Mehmet üstelemeye gerek görmedi. Haklı olduğunu biliyordu ama haklı çıkmak için uğraşmak gelmedi içinden. Yeşim verandada anneannesinin oturduğu koltuğun arkasına bisikletini dayamıştı. Dışarıda ateş çalılarının gölgesi giderek kısalıyordu.

Mehmet bir elinde çay, kalktı, dışarıya yöneldi.

“Nereye?” dedi babası

“Ben, tamamım.” dedi Mehmet. “Eline sağlık, güzel kahvaltı oldu”.

“Afiyet olsun” dedi adam. “Bu sene böyle. Yarın sabaha da kalsaydın…”

Mehmet bir şey demedi. Verandayla salonu ayıran büyük cam kapıya doğru yürüdü. Orada durup bir süre annesine ve yeğenine baktı. Bahçe şimdi daha çok aydınlanmıştı. Kamyonet çoktan yola çıkmış olmalıydı. Tüm aileyi sıcak bir gün bekliyordu. Mehmet dışarıdaki dünyayı izlerken arkada, babasının sandalyesinde huzursuzca kıpırdandığını hissetti ve hafifçe boğazını temizlediğini duydu. Bunun üzerine gözlerini kapadı. Ve babası sordu.

“Mahkeme ne zamandı?”

Mehmet karısını düşündü. Ne zamandır düşünmediği karısını. “17’sinde,” dedi donuk bir ses tonuyla. Biraz da sertçe yaptı bunu, birine çıkışır gibi. Bir soru daha istemiyordu. Bu konuda sorulacak yeni bir soru tüm keyfini kaçırmaya yeterdi. Sadece bu dönemin bitmesini, yeni şeylerin başlamasını istiyordu. Hayatta bazı olayların yaşanması gerekiyordu. Ve öyle geçip gitmesi. Eğer babası bir soru daha soracak olsa onu duymazlıktan gelecekti, buna karar verdi.

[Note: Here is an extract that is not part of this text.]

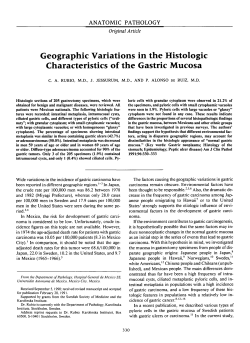 Geographic Variations in the Histologic Characteristics of the Gastric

Babası ikinci bir soru sormadı.

Mehmet az sonra verandaya çıktı. Annesi ona baktı, gülümsedi. Yeşim çömelmiş, bisikletinin zinciriyle oynuyordu. Mehmet, kızın başına dikildi.

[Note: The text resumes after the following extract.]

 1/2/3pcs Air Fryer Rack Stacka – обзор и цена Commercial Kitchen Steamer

“Bir sorum daha var ufaklık” dedi.

“Evet,” dedi Yeşim, heyecanla ayağa kalktı.

“Bu sefer ciddi zor ama, söyleyeyim.”

“Tamam, ben de zor olsun dedim, zaten.”

“Peki o zaman, dinle: Kaká-Çiş-Ronaldo. Hangisi farklı?”

“Anlamadım dayı!” dedi kız, kafasını kaşıyarak. “Bir daha sayar mısın?“

Mesut Barış Övün

Öykülem’in 2. sayısında (2015 Sonbahar) yayımlanmıştır.